Without its pictures, the listing below is to be transcribed exactly.
DATA SEGMENT Start Marker
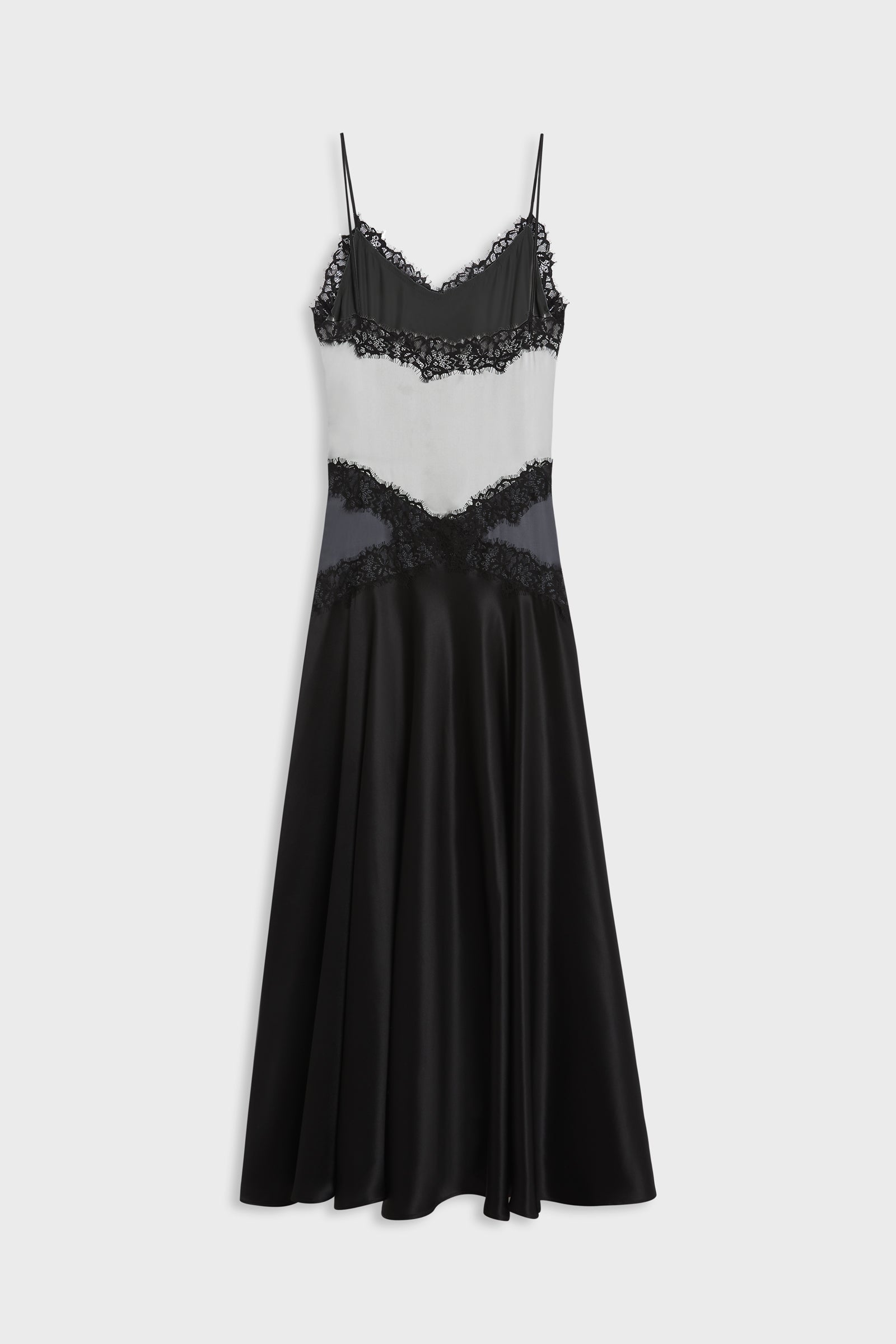 A black and white color-blocked midi slip dress with black lace trim and thin spaghetti straps, shown against a light gray background.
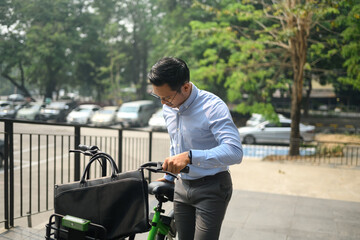 Handsome young businessman with bicycle on a city street. City life and transportation concept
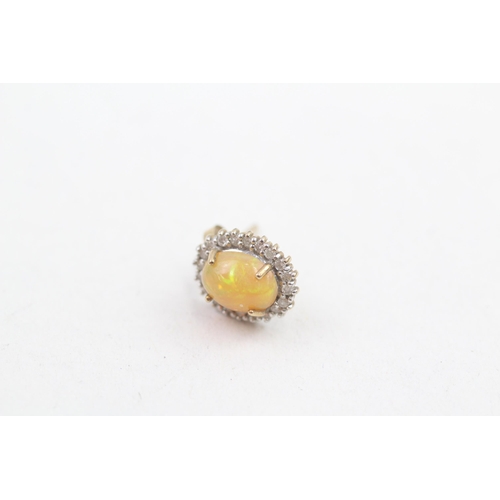 108 - 9ct gold diamond and enhanced opal set cluster stud earrings (1.8g)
DATA SEGMENT End Marker
▶ ANSWER BOX
 A black and white color-blocked midi slip dress with black lace trim and thin spaghetti straps, shown against a light gray background.
 Handsome young businessman with bicycle on a city street. City life and transportation concept
 108 - 9ct gold diamond and enhanced opal set cluster stud earrings (1.8g)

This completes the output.